Luna Ultra face à Osmo Pocket 3 : le match produit, chiffres à l’appui
Capteur et optique
Les deux modèles s’appuient sur un capteur principal 1 pouce. Mais Insta360 ajoute un second module téléobjectif 1/1,3 pouce et annonce jusqu’à 12x de zoom. DJI, sur l’Osmo Pocket 3, reste sur une approche plus simple et plus compacte. Sur le plan matériel, Luna Ultra tente clairement de prendre l’avantage sur la polyvalence.
Vidéo
Luna Ultra grimpe à 8K 30 i/s, là où Osmo Pocket 3 plafonne à 4K. En revanche, les deux montent à 4K 120 i/s. L’intérêt de l’8K reste très variable selon les usages, mais il peut servir au recadrage, à la postproduction et à l’extraction de plans plus serrés.
Mobilité
L’Osmo Pocket 3 garde un avantage clair sur la masse avec 179 g contre 233 g. Pour du vlog quotidien, cet écart de 54 g se ressent. Pour une captation plus construite, l’écran détachable et l’architecture double optique de la Luna Ultra peuvent compenser ce surpoids.
Autonomie
Selon les chiffres officiels, Insta360 annonce 240 minutes, contre 166 minutes pour DJI. L’écart théorique atteint 74 minutes, soit environ 45 % de plus pour la Luna Ultra. C’est un différentiel massif sur le papier.
Prix
À 729 €, la Luna Ultra demande un effort budgétaire plus élevé que l’Osmo Pocket 3 à 519 €. Le surcoût de 210 € place le produit d’Insta360 dans une logique premium assumée. Le message envoyé au marché est limpide : la marque préfère défendre une marge et une image technique plutôt que casser les prix.

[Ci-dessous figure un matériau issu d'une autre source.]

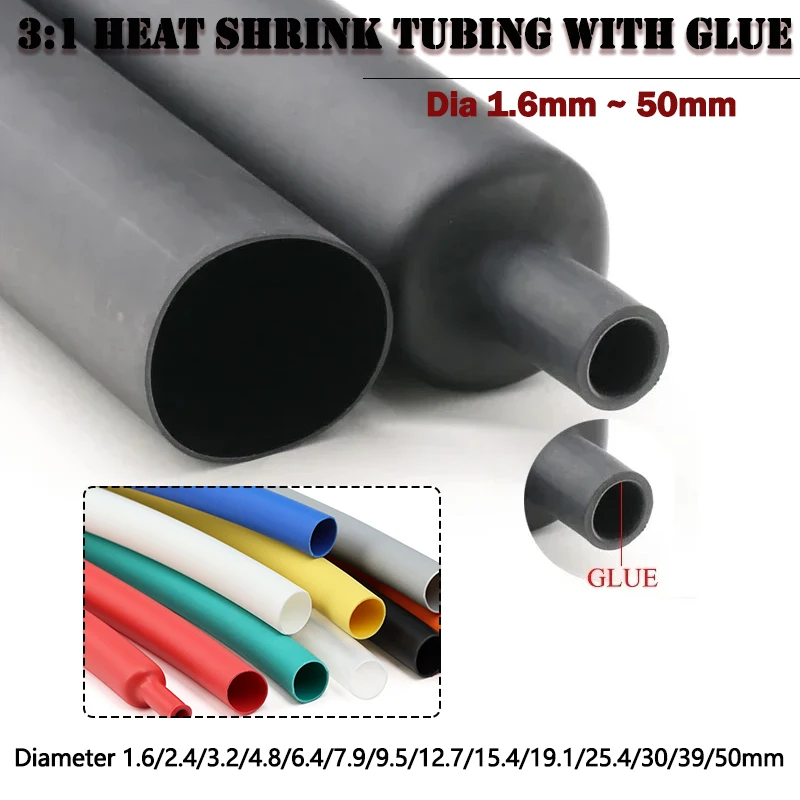 Tube thermorétractable 1M 3:1 avec Tube de colle à Double paroi, diamètre 1.6/2.4/3.2/4.8/6.4/7.9/9.5/12.7/15.4/19.1/25.4/30/39/50mm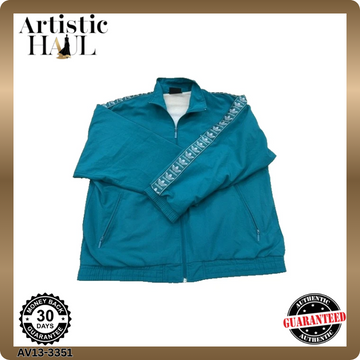 Adidas Unisex Track Jacket Turquoise Three Stripe Retro Nylon D8 F192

Ce que cette affaire peut changer à court terme
À court terme, il ne faut pas surinterpréter le retrait des dossiers américains. Ni victoire, ni reddition. Les procédures chinoises et les demandes d’invalidation devant la CNIPA peuvent au contraire rendre le dossier plus offensif. Si certains brevets sont confirmés, amendés ou annulés, les effets peuvent toucher les feuilles de route produit, les accessoires, les bundles et parfois les logiciels compagnons.

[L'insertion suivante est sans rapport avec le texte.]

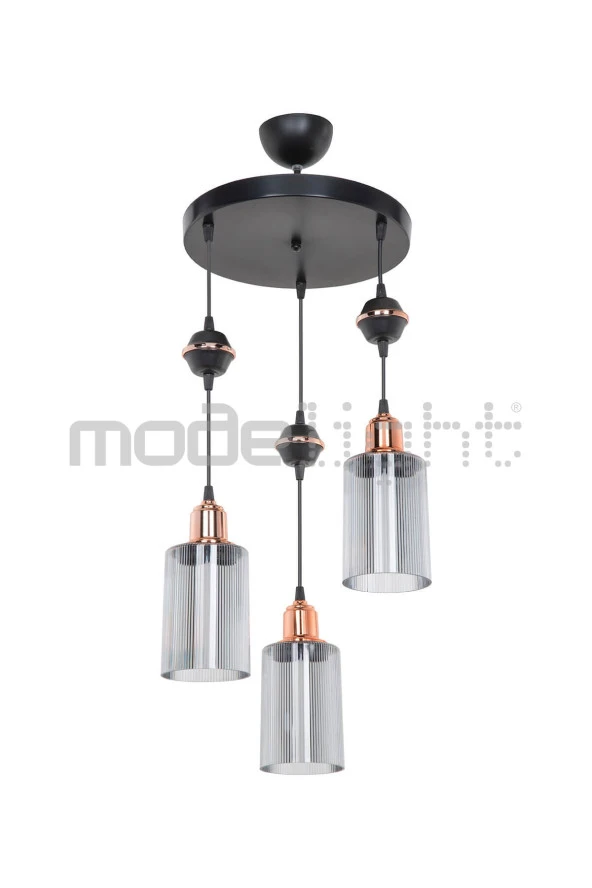 Modelight Akses Küre / Karo 3lü Optik Camlı Avize - Resim 3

Pour les acheteurs, le risque immédiat reste toutefois limité tant qu’aucune décision forte n’est prononcée. Les produits continuent d’être vendus. En revanche, pour l’industrie, le message est net : sur les segments créateurs premium, la concurrence ne se joue plus seulement sur la qualité d’image. Elle se joue aussi devant les tribunaux.
Le lien à retenir
Pour vérifier les caractéristiques officielles de la caméra qui se retrouve au centre du litige, la source la plus utile reste la page produit officielle d’Insta360 : https://store.insta360.com/fr/product/luna-series
Mon avis :
Sur le fond, ce conflit confirme que DJI et Insta360 se disputent désormais les briques clés de l’imagerie créateur, signe d’une vraie maturité technologique; mais l’avalanche d’actions croisées en Chine, après l’abandon des plaintes aux États-Unis, révèle surtout un rapport de force juridique coûteux qui risque de freiner les lancements produits.